Son 3 hafta içerisinde, kişisel bazı sorunlar nedeniyle forumu pek takip edemedim ama mümkün olabildiği kadarıyla maçları ve gelişmeleri takip ettim. Son paylaşımımdan sonrai birçok arkadaşın çeşitli ve farklı yorumlarını görmekten çok mutlu oldum. Farklı açılardan yapılan eleştirilerin hemen hemen tamamına katılıyorum. Tümünüzün ellerine ve yüreğine sağlık. Galatasaray taraftarı olmaktan, bir kez daha gurur duydum. Nedeni ise, tüm arkadaşların, oldukça isabetli yorumlar yaparken, bunları olabidiğince sert ama bir o kadar da seviyeli bir şekilde yapmış olmalarıdır. Bence, bu yorumları ve eleştirileri okuyan (eğer okuyorlarsa) yöneticilerin, ne kadar değerli bir taraftar grubuna sahip olduklarını fark etmeleri ve tüm bu eleştirileri dikkate alarak, ve taraftarın sesine kulak vererek, beklentileri karşılayacak hamleleri yapmalarının bilincinde olmaları gerekiyor.
Hazırlık maçı da dahil olmak üzere, ardı ardına yaşadığımız hezimetler, gerçekten bardağı taşıracak bir seviyeye getirdi. Şimdi denilebilr ki, canım sonuçta CEV Şampiyonlar liginin üç yarı finalistine yenildik (Ecza, Vakıf, Fener). O zaman şunu sormak lazım. Neden 4. takım Galatasarayımız değil? Ülkemizin bu kapasitesi varken, neden yönetim, bu seviyeye ulaşmak için gerekli yatırımları yapmadı? Hadi diyelim ki olan olmuş... Bu sezonu, sonuç ne olursa olsun boynu bükük kapadık. Peki bundan sonrası? Transfer politikamız ne? Bakıyoruz, Aydın, Çukurova, Nilüfer bile harıl harıl üst düzey oyuncu transferleri üzerinde çalışırken, kulübümüz ne yapıyor?

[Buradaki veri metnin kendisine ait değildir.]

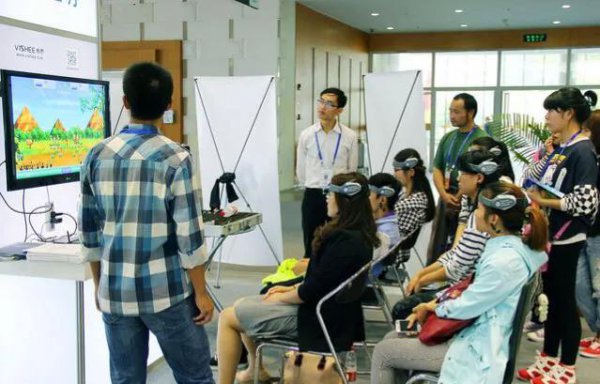 心理学就业前景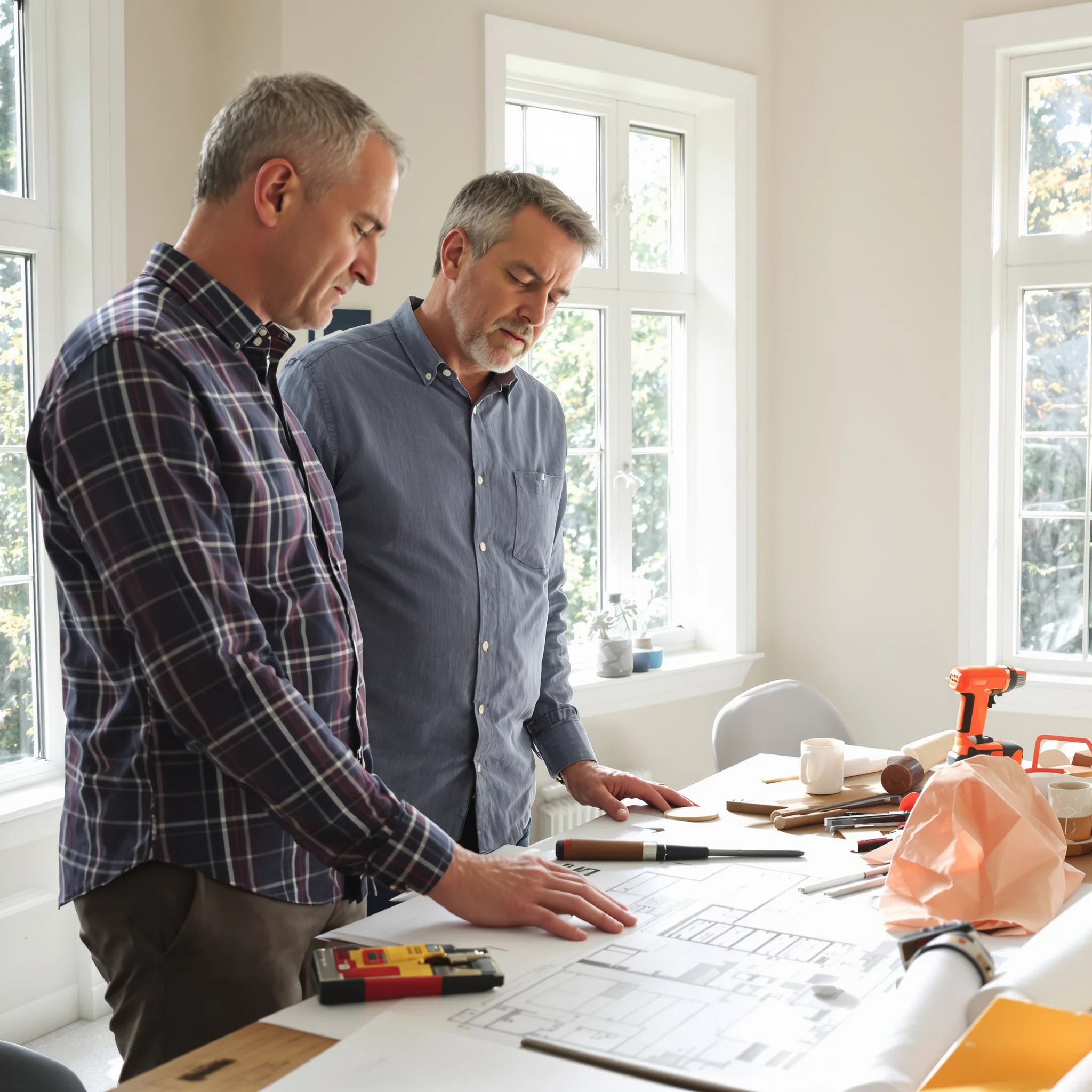 Der Weg zur wertstabilen Immobilie – Was Eigentümer schon vor dem Kauf beachten sollten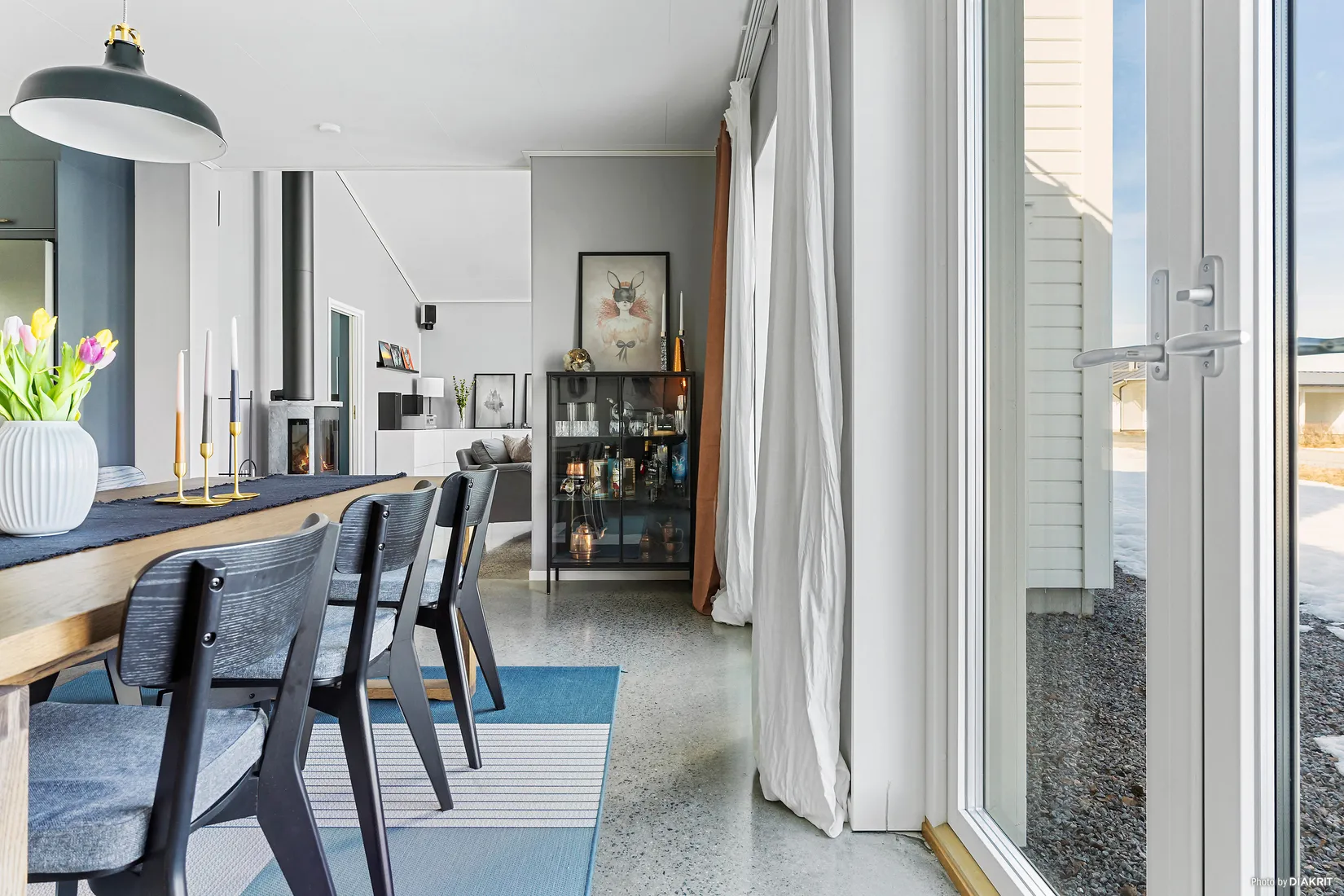 Villa, Skärgårdsvägen 7, Kalix-Nyborg, Kalix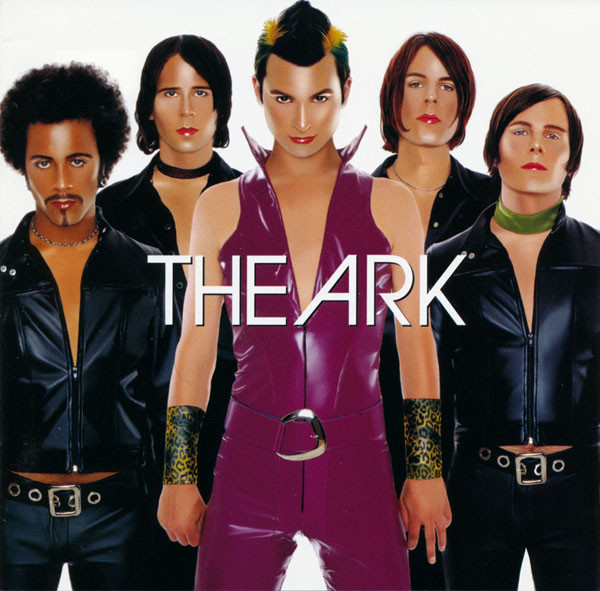 The Ark - We Are The Ark | Virgin (7243 8 50315 2 6) - main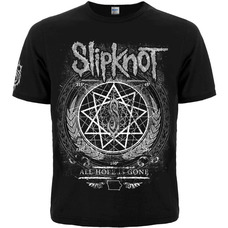 Футболка Slipknot 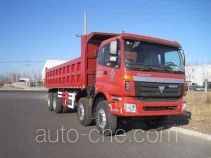 Fuqing Tianwang ZFQ3311H78BJ39 dump truck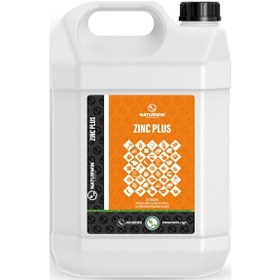 Resim Zinc Plus 5 Litre Çinko Molibden Sıvı Gübre 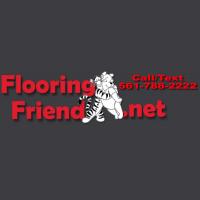 Flooring Friend Logo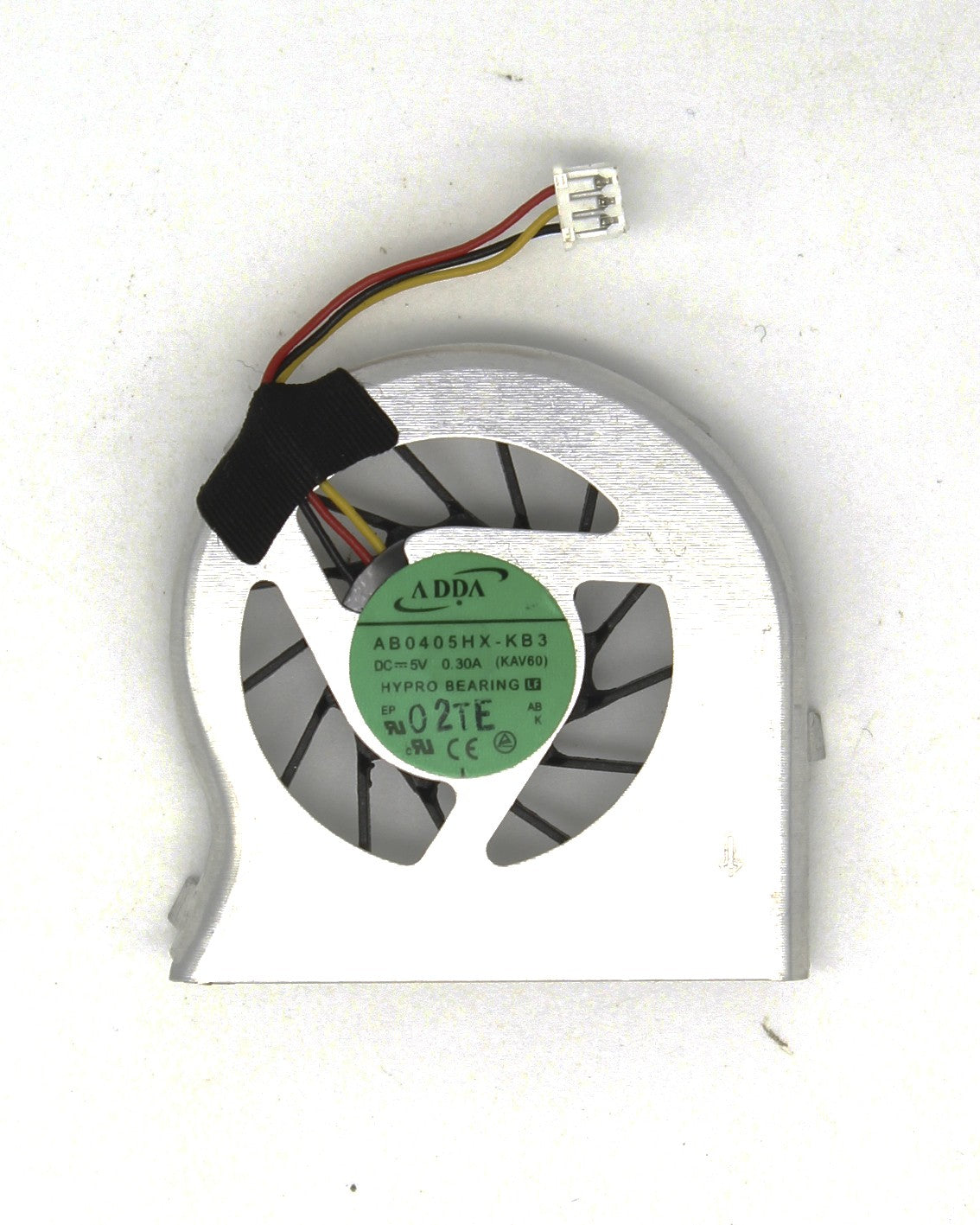 Ventilador Cpu Para Portátil Acer Aspire One D250 Ab0405Hx-Kb3
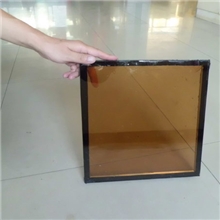 供应高质量LOW-E中空玻璃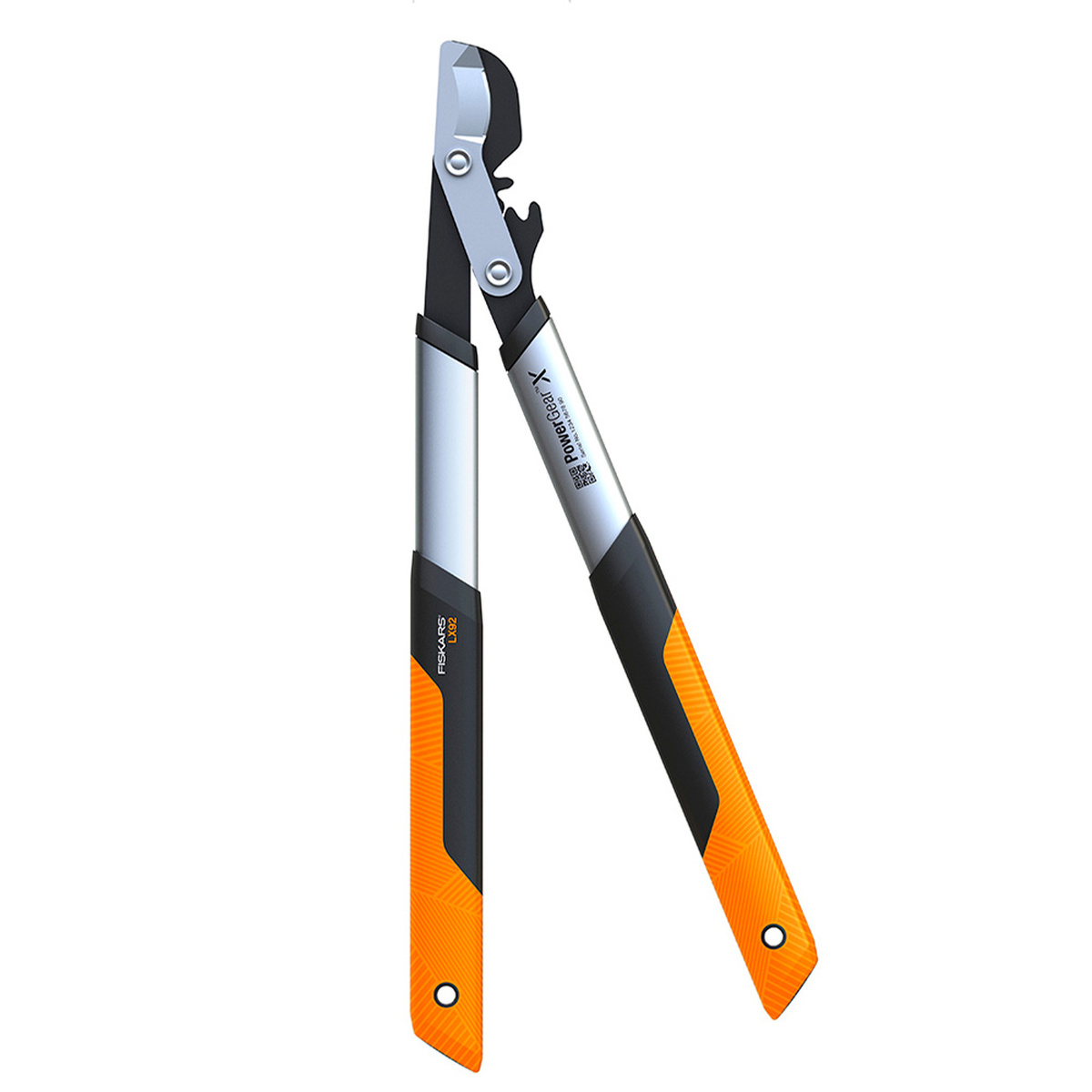 Сучкорез Fiskars PowerGearX  LX92 — Фото 1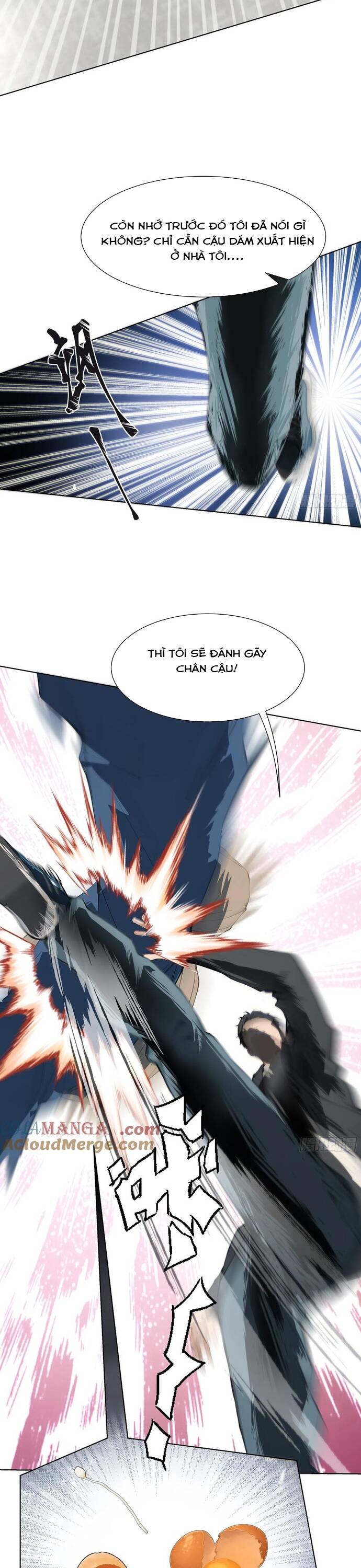 Khởi Đầu Vật Giá Sụt Giảm, Ta Trở Thành Nhà Giàu Số Một Thế Giới! Chap 26 - Next Chap 27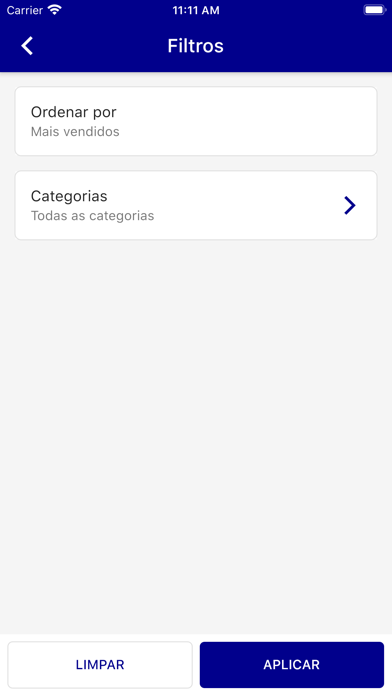 Pedagógica Screenshot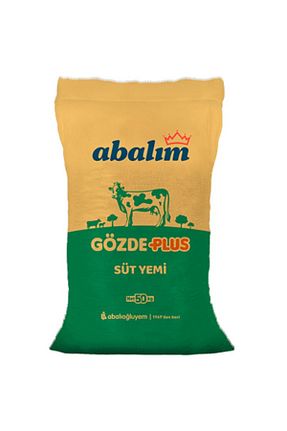 لوازم گاوداری Abalım Yem - کد 877061857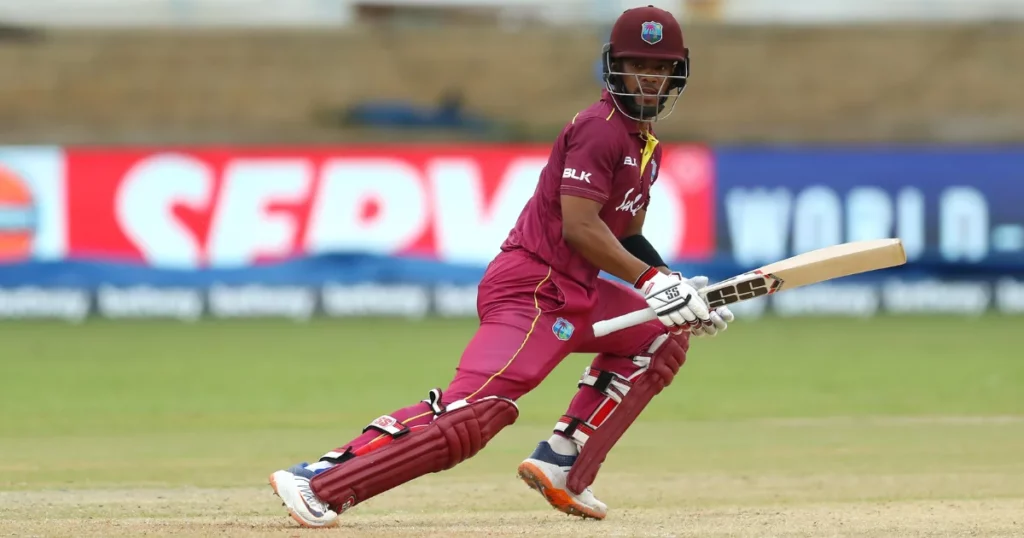 Shai Hope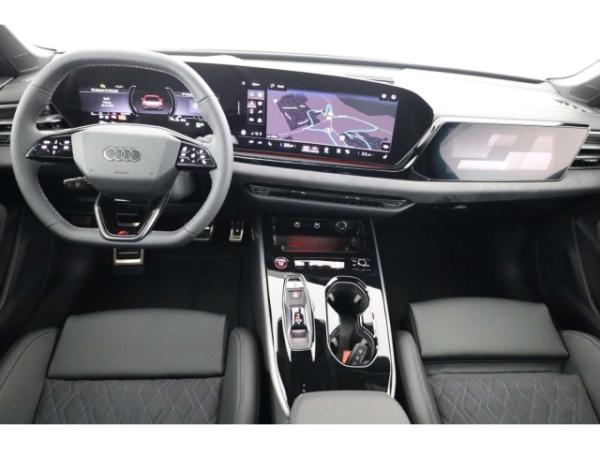 Audi A5 Avant e-hybrid quattro S line LP: 88.594,-AHK/B&O/Head-up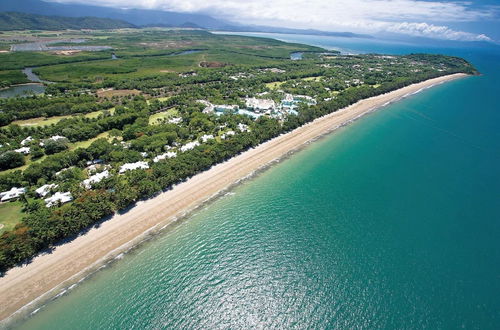 Foto 60 - Reef Resort Villas Port Douglas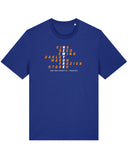 T-shirt Franchise - New York
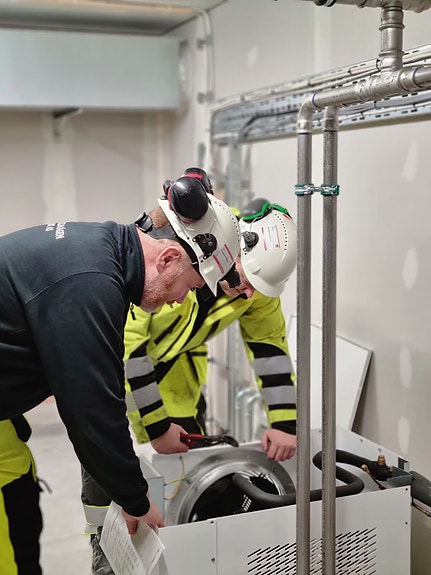 Bilde 8 av 10 i jobbannonse-galleriet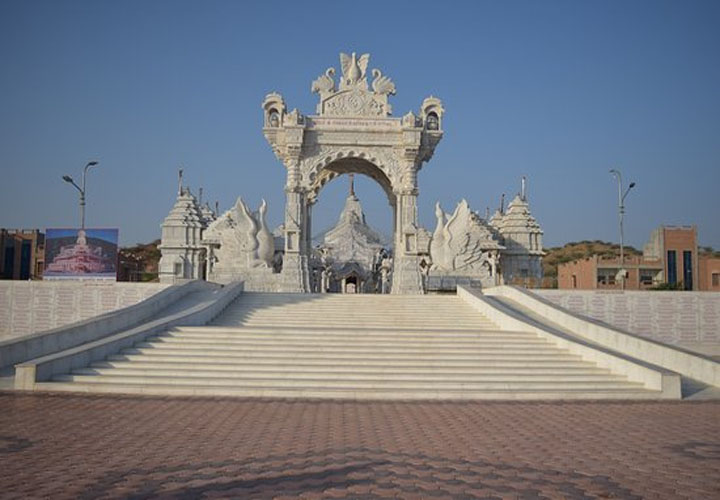 Chintamani Parshvnath Jain Mandir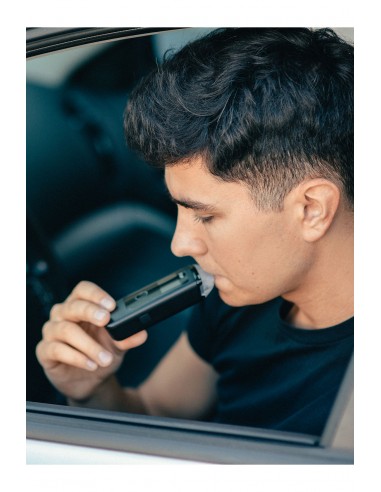 Alkomat Dräger Alcotest 4000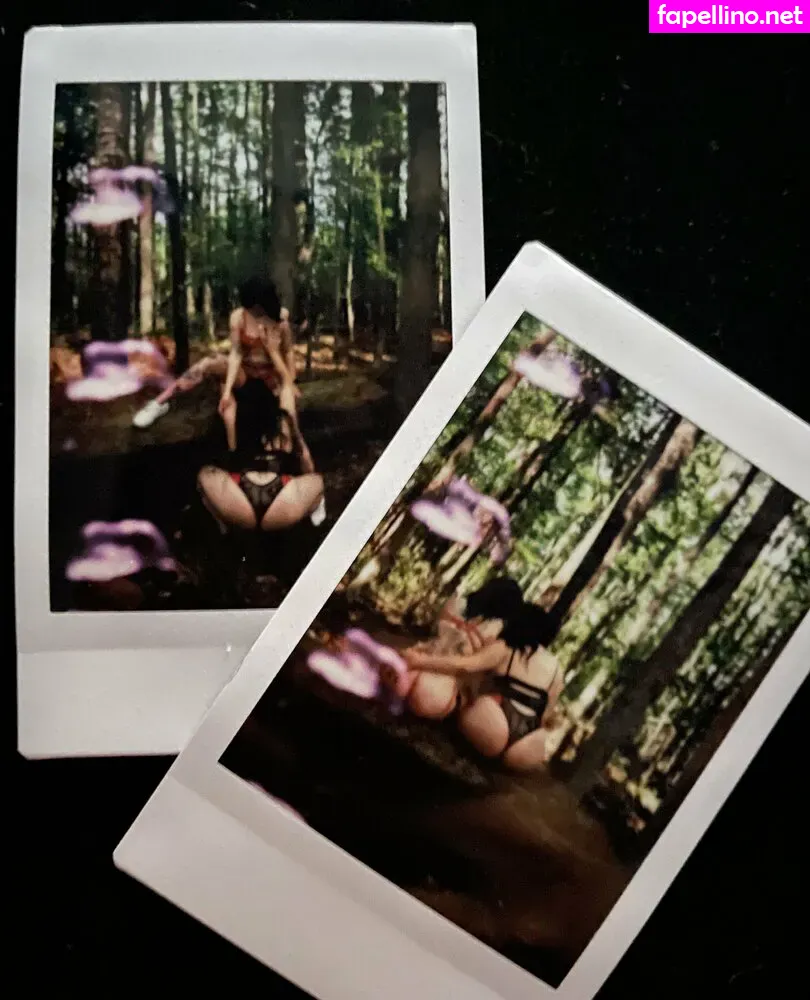 morsophine Nude Leaked OnlyFans Photo #JCIkb9l7KW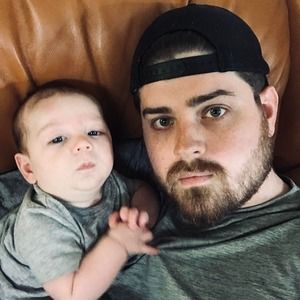 Meet your Posher, Nathaniel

Transferler ile ilgili düşüncelerimi bir sonraki paylaşımıma bırakarak, gözüme çarpan bir diğer konuya değinmek istiyorum. Anthi'nin tarzını seven ve oyununu çok beğenen bir taraftar olarak, Eczacıbaşı hazırlık maçı sonrası sahadaki ruhsuzluğa isyan ederek başta Anthi olmak üzere tüm takım için çok sert bir eleştiri yapmıştım. Bunun yine arkasındayım. Sonrasında bu düşük performanslar, diğer oyuncuların da ayak uydurması ile devam etti, İlbank'a set verdik ve arkasına hezimetler geldi. Vakıfbank maçını 3-0 kaybettik ama toparlanma emareleri ve bir miktar mücadele gördüm. Şimdi bu özeti niye kaleme aldım diyebilirsiniz. Dıştan gözlemleyen birisi olarak ilginç ve bir o kadar da merak uyandıran bir izlenim edindim. Katılırsınız veya eleştirirsiniz bilemiyorum ancak saptamam şu. Bir süreden beridir, omuzundan sakatlığı var denilerek, kaptan Gizem, sözkonusu maçların hiçbirisinde yer almadı ve sonrasında kaptan, şok eden duygusal bir paylaşımla, kariyerini noktaladığını açıkladı. Belli ki içerilerde yönetimle alakalı bazı problemler olmuş. Konu ne idi, kim haklı, kim haksız bilemiyorum ancak Nilüfer deplasmanındaki takımımızın tüm oyuncularının, uçarcasına ve büyük bir keyifle, dipdiri bir ruhla, güle oynaya oynadığını görünce, aklıma türlü sorular geldi. Erken yorum yapmak istemiyorum ama, bundan sonraki maçlardaki gidişata bakmak lazım diye düşünüyorum. Birşeyler oluyor ama neler oluyor. İyimi, kötümü onu da bilemiyorum ama mutlaka birşeyler dönüyor. Yakında ortaya çıkar.